(Short descriptive text snippets)
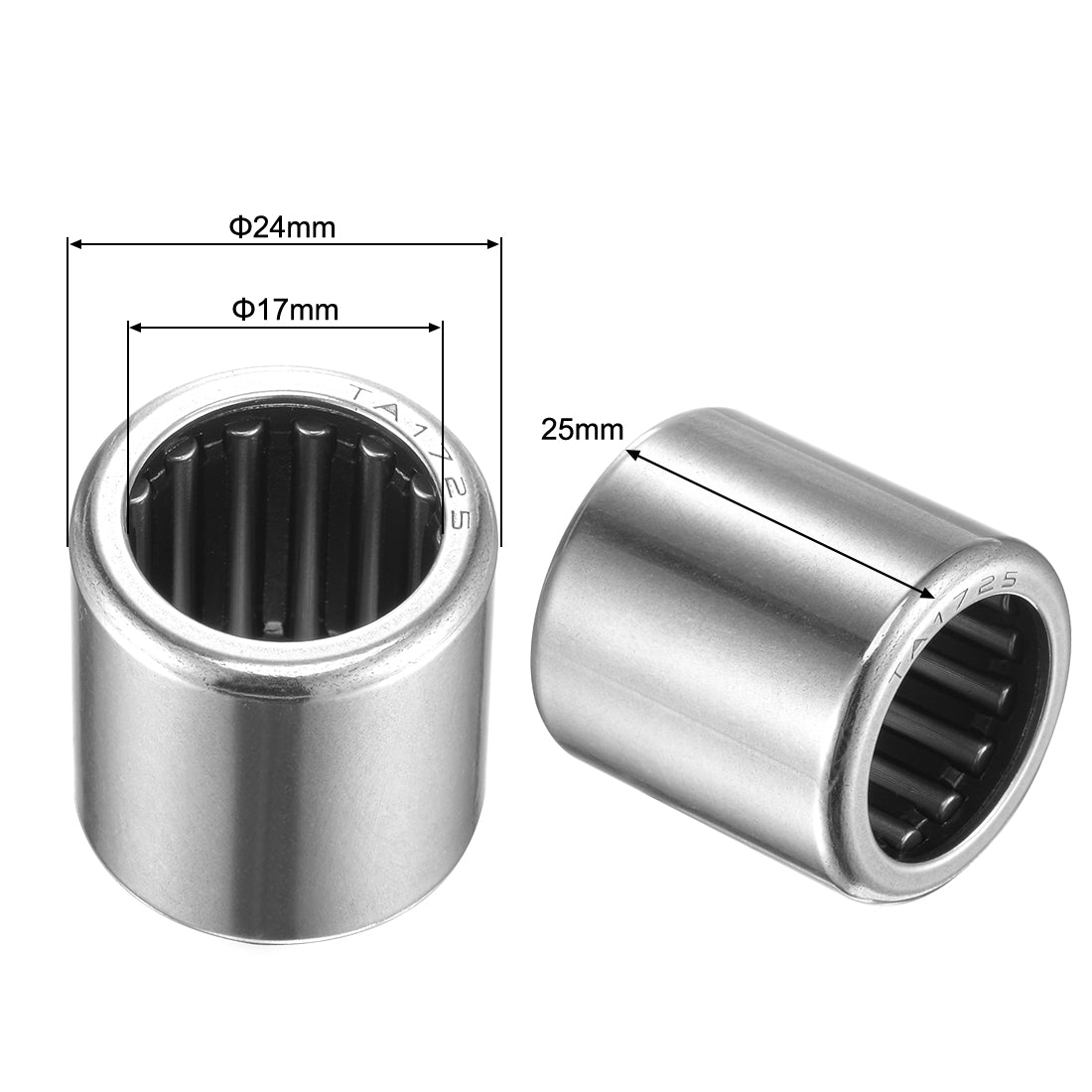 uxcell Uxcell TA1725 Needle Roller Bearings 17mm x 24mm x 25mm Chrome Steel Open End 2pcs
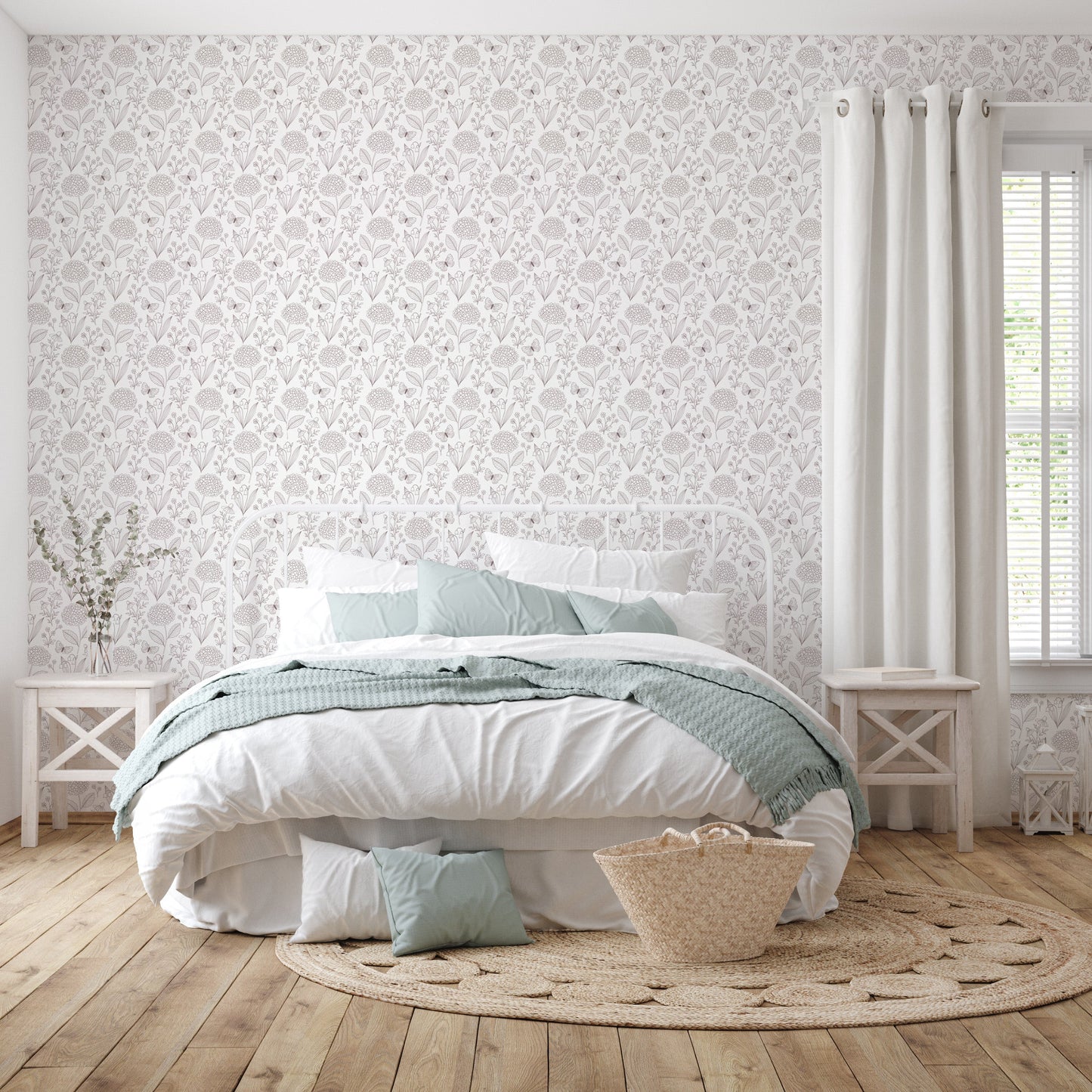 Hydragea and Butterflies Wallpaper by Gooseberry Moon - Loomwell Home Goods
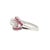 Modern Antique 14k White Gold 1.33ctw Old Cut Diamond Ruby Three Stone Cocktail Ring, Size 7.25 For Sale - Image 3 of 9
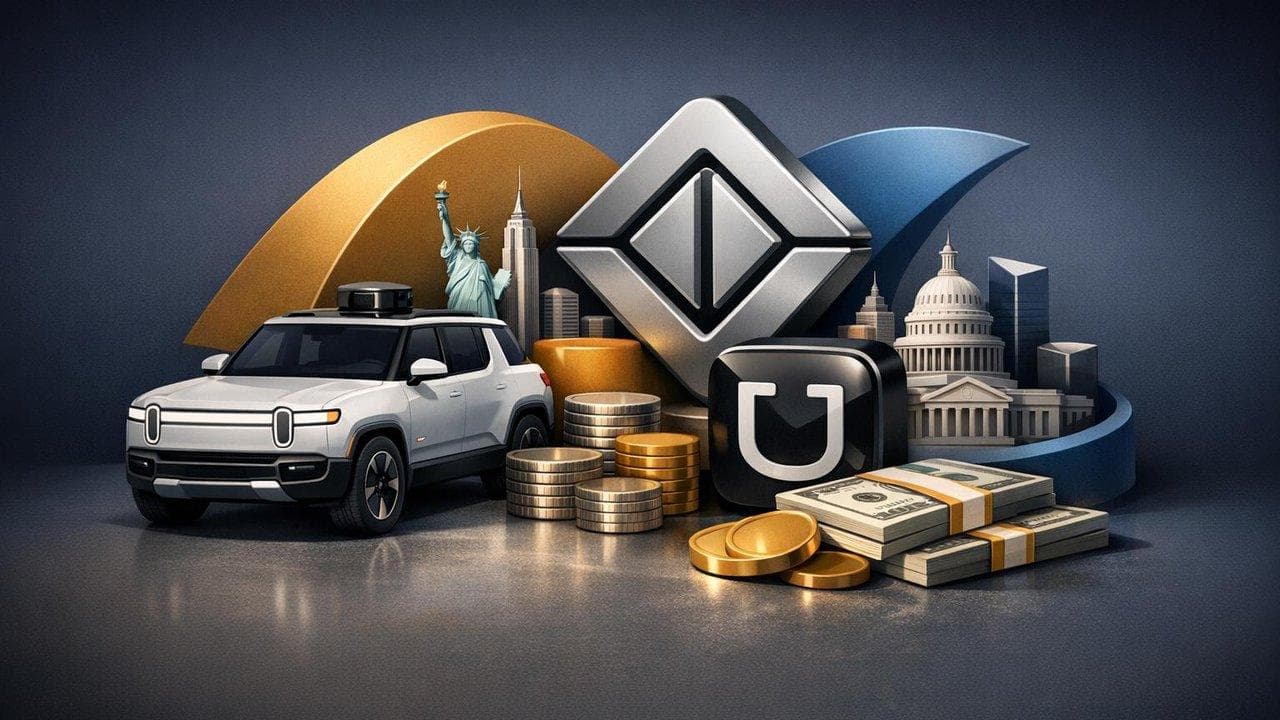 Uber and Rivian logos with autonomous electric vehicle concept for $1.25bn robotaxi partnership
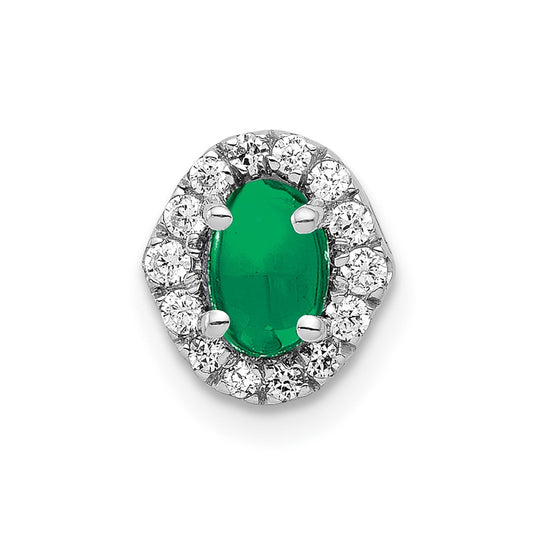 Cabochon Gemstone & Diamond Halo Chain Slides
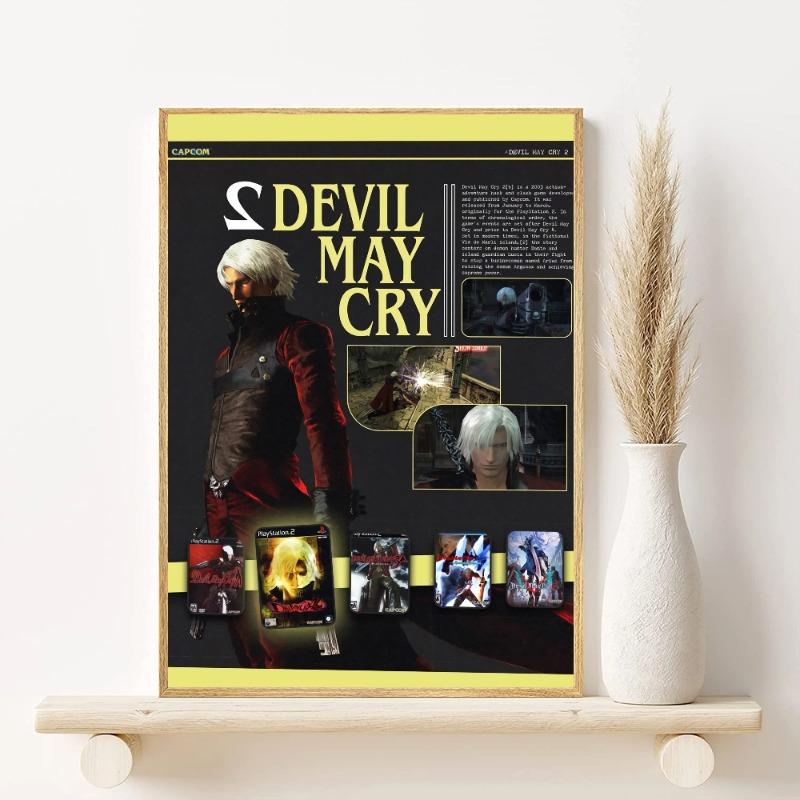 

D-Devil May Cry-S Игровой постер HD Арт-наклейка на стену водонепроницаемая для дома, гостиной, спальни, бара, эстетическое украшение 21cm×30cm NoFrame
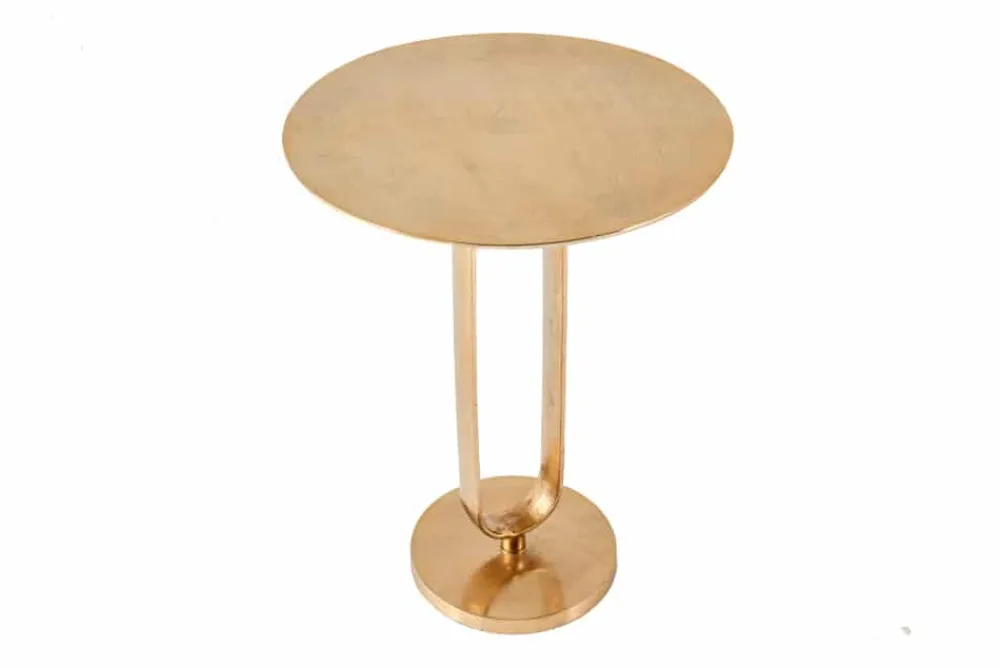 Riess-Ambiente Beistelltische|Goldene Möbel > Runder Beistelltisch ELEGANCE 60cm gold Metall Aluminium handmade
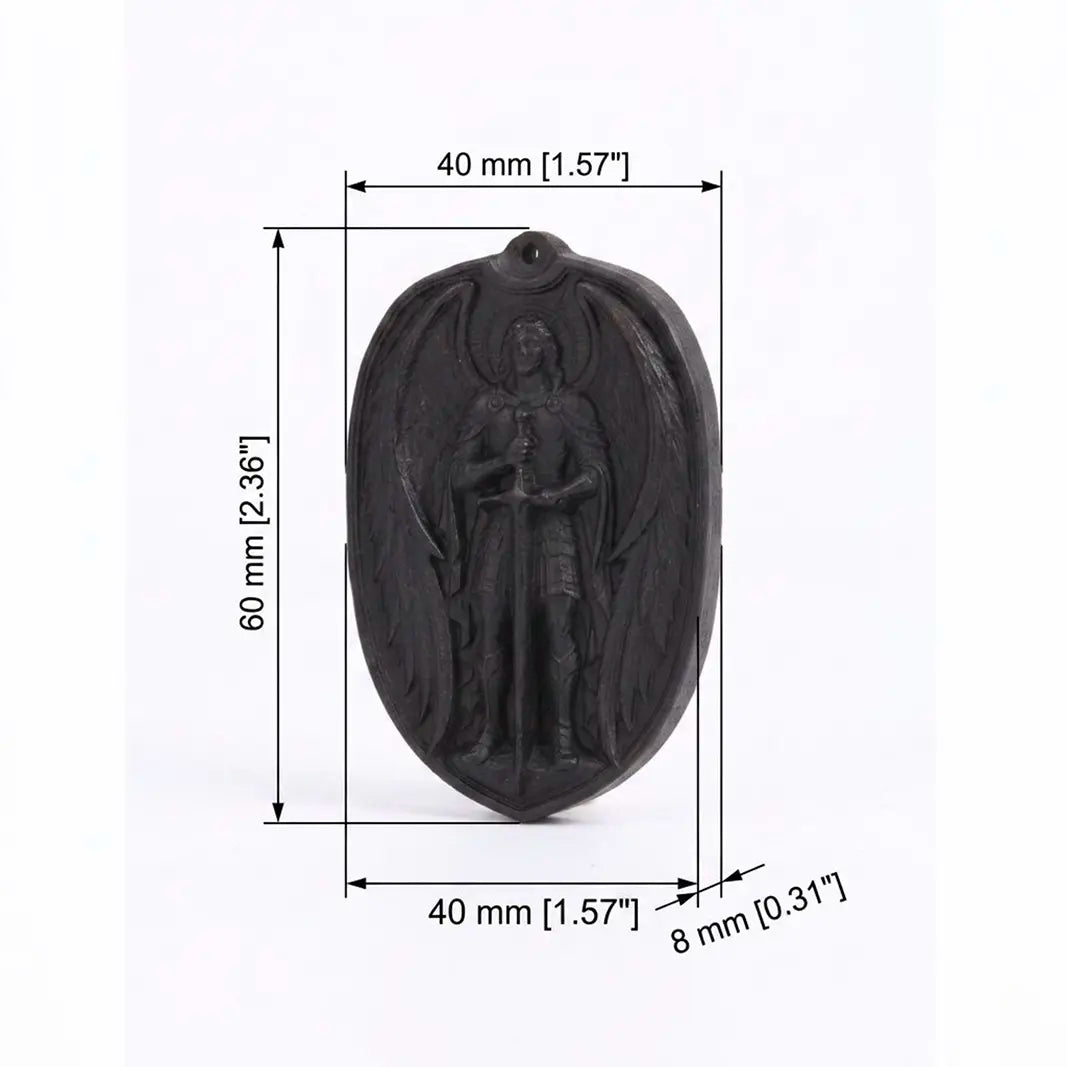 Personalized Saint Michael Oval Medallion Necklace – Handcrafted Ebony Wood Archangel Michael Pendant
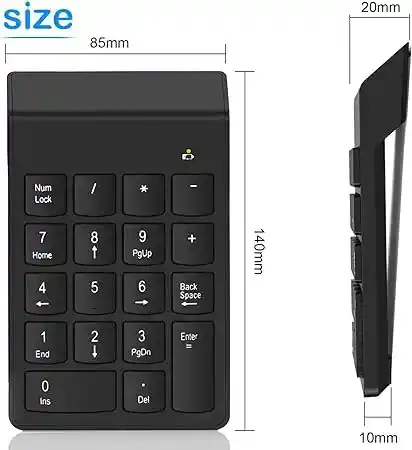 Mini Teclado Numérico Inalámbrico De 10 Teclas Compatible Windows - Mac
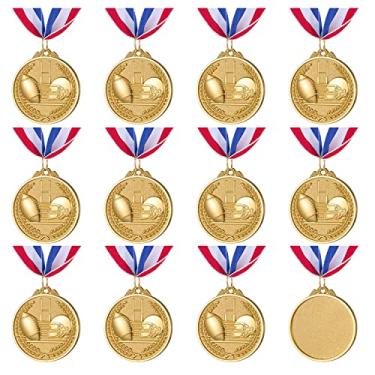 Imagem de Abaokai 12 peças de medalhas de prêmio de ouro para jogos infantis de futebol esportivo, lembrancinhas de festa, 5 cm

TASK OBJECTIVE: Set down exactly, with no additions, each line from the line that includes "Modern Antique 14k" to the final line of the entries above; leave pictures out.

EXERCISE OUTPUT:
 Modern Antique 14k White Gold 1.33ctw Old Cut Diamond Ruby Three Stone Cocktail Ring, Size 7.25 For Sale - Image 3 of 9
 Uber and Rivian logos with autonomous electric vehicle concept for $1.25bn robotaxi partnership
 Cabochon Gemstone & Diamond Halo Chain Slides

D-Devil May Cry-S Игровой постер HD Арт-наклейка на стену водонепроницаемая для дома, гостиной, спальни, бара, эстетическое украшение 21cm×30cm NoFrame
 Riess-Ambiente Beistelltische|Goldene Möbel > Runder Beistelltisch ELEGANCE 60cm gold Metall Aluminium handmade
 Personalized Saint Michael Oval Medallion Necklace – Handcrafted Ebony Wood Archangel Michael Pendant
 Mini Teclado Numérico Inalámbrico De 10 Teclas Compatible Windows - Mac
 Imagem de Abaokai 12 peças de medalhas de prêmio de ouro para jogos infantis de futebol esportivo, lembrancinhas de festa, 5 cm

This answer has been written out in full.